» **SOURCE INFORMATION**:
--
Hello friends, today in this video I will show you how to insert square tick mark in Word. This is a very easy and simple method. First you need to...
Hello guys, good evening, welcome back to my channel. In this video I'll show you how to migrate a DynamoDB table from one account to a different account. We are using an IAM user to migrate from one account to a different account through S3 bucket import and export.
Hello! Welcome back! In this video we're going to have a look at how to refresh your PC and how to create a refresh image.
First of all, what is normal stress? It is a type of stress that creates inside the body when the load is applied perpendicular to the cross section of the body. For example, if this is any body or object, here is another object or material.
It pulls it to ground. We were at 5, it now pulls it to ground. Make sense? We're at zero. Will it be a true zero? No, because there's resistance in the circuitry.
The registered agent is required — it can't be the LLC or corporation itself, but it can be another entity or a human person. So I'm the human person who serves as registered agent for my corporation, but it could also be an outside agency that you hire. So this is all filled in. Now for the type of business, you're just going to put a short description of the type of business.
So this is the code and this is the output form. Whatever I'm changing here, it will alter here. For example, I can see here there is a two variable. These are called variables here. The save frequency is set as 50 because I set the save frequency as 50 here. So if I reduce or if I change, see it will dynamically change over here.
--
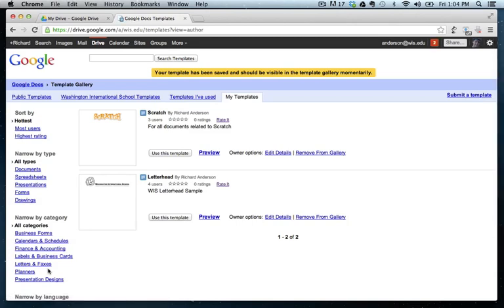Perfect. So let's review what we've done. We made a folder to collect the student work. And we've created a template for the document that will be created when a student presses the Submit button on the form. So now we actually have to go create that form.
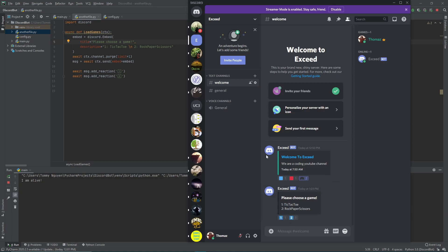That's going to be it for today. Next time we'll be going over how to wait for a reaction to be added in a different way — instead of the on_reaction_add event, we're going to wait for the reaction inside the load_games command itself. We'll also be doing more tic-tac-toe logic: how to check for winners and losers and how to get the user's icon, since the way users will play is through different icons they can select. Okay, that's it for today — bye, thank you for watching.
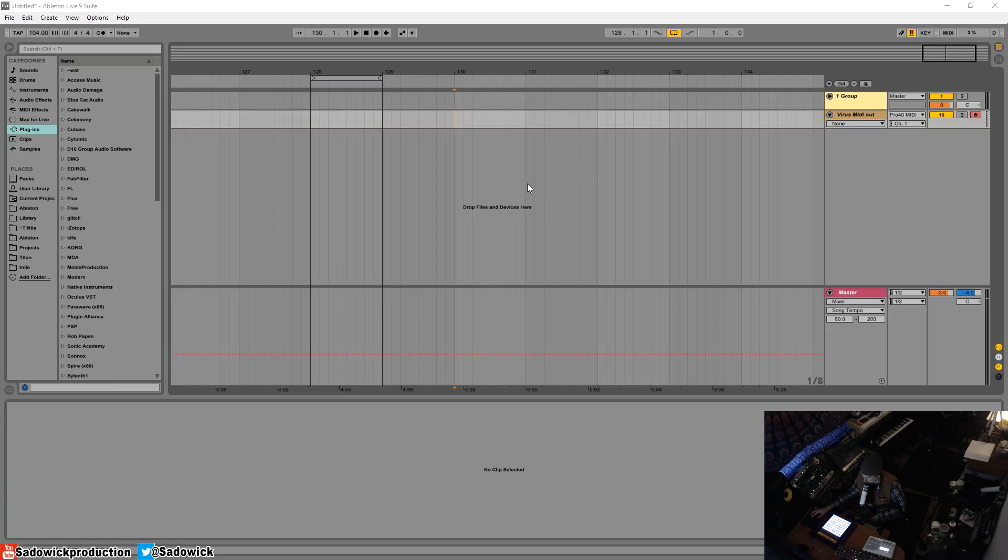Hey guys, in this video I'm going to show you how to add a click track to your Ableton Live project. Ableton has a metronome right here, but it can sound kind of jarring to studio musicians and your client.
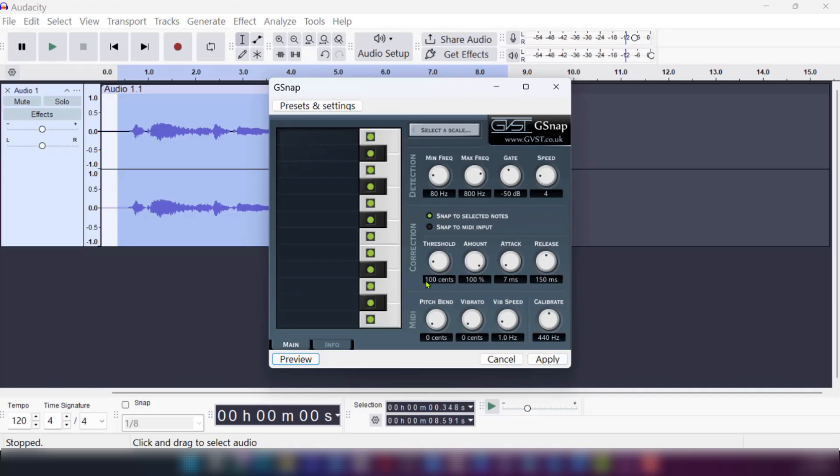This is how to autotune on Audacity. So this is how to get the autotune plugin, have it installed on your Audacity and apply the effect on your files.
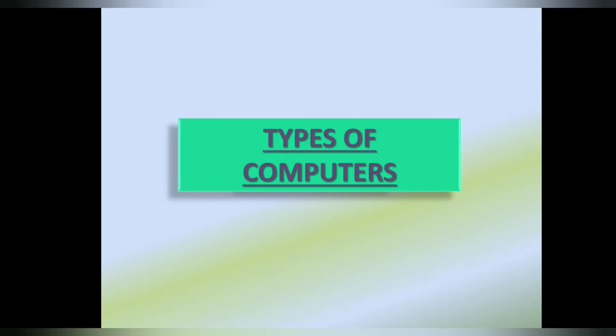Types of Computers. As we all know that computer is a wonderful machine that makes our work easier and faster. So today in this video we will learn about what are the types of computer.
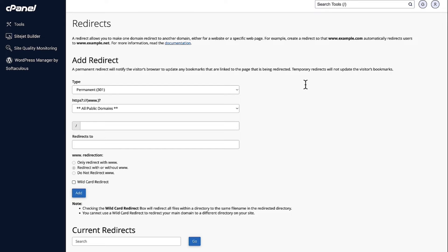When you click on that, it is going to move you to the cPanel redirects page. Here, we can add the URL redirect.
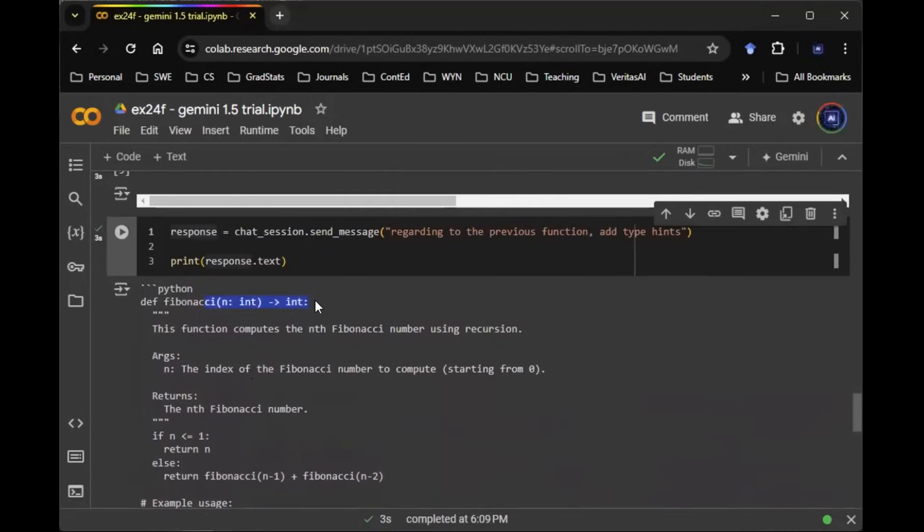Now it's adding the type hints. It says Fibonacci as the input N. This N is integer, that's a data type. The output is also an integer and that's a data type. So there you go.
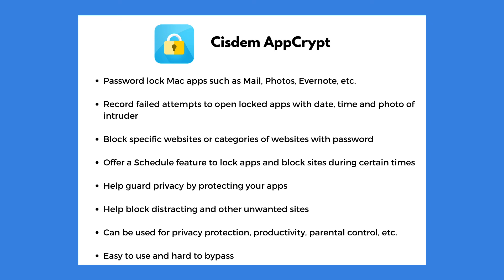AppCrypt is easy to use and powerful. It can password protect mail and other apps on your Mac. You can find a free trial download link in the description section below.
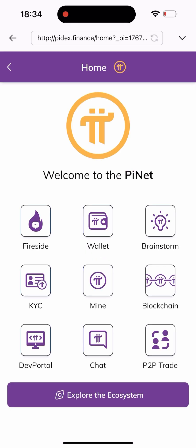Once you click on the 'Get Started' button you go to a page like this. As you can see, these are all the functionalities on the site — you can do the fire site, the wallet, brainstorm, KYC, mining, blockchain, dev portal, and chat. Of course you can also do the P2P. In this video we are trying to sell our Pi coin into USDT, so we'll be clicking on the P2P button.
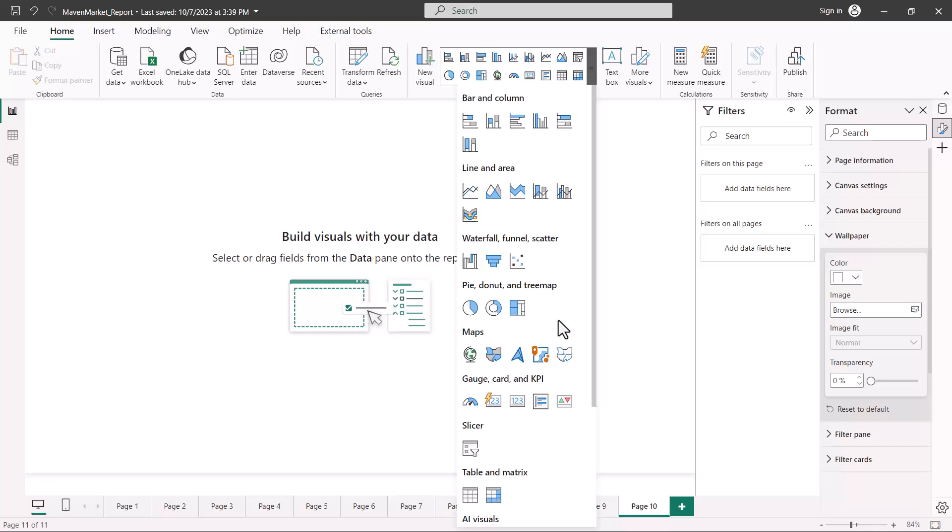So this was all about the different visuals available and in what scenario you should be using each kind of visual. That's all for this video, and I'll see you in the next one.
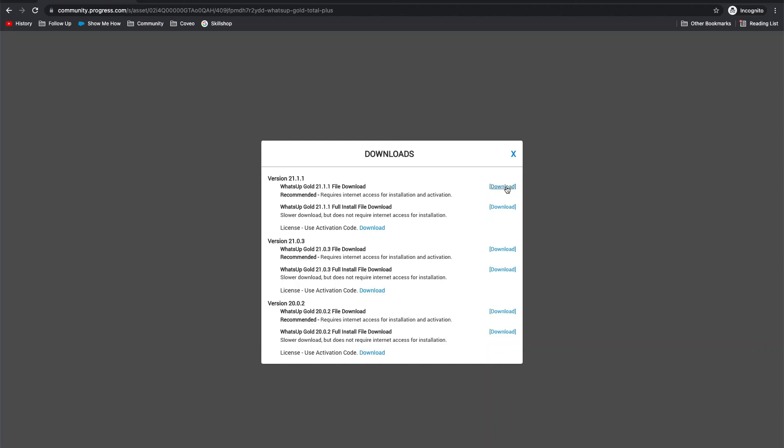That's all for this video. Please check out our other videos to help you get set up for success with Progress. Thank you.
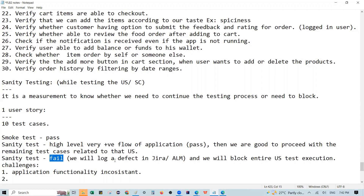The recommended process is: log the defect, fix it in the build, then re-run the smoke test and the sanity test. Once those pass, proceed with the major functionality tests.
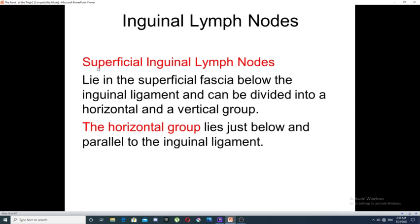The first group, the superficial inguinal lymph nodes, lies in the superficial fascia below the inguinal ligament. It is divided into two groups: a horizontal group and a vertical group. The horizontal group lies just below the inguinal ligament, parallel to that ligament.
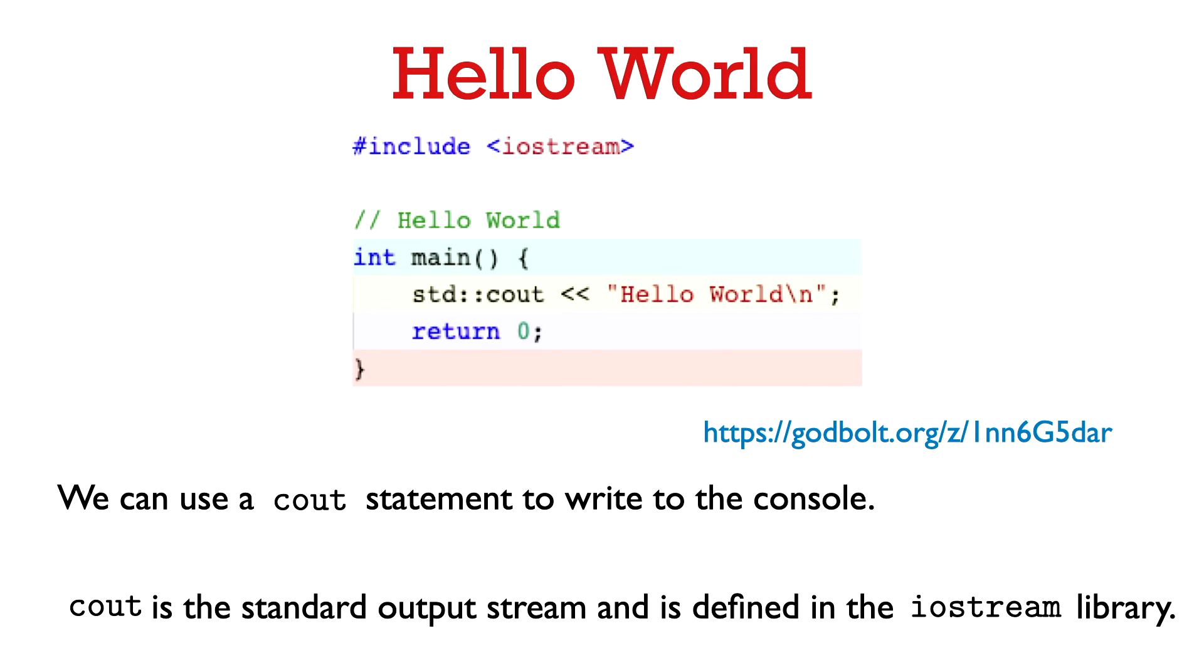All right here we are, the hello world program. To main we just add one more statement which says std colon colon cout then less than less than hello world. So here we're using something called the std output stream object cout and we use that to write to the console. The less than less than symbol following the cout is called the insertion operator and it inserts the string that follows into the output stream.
--
If a line in the records holds the string "example", copy it.

First of all, what is normal stress? It is a type of stress that creates inside the body when the load is applied perpendicular to the cross section of the body. For example, if this is any body or object, here is another object or material.
So this is the code and this is the output form. Whatever I'm changing here, it will alter here. For example, I can see here there is a two variable. These are called variables here. The save frequency is set as 50 because I set the save frequency as 50 here. So if I reduce or if I change, see it will dynamically change over here.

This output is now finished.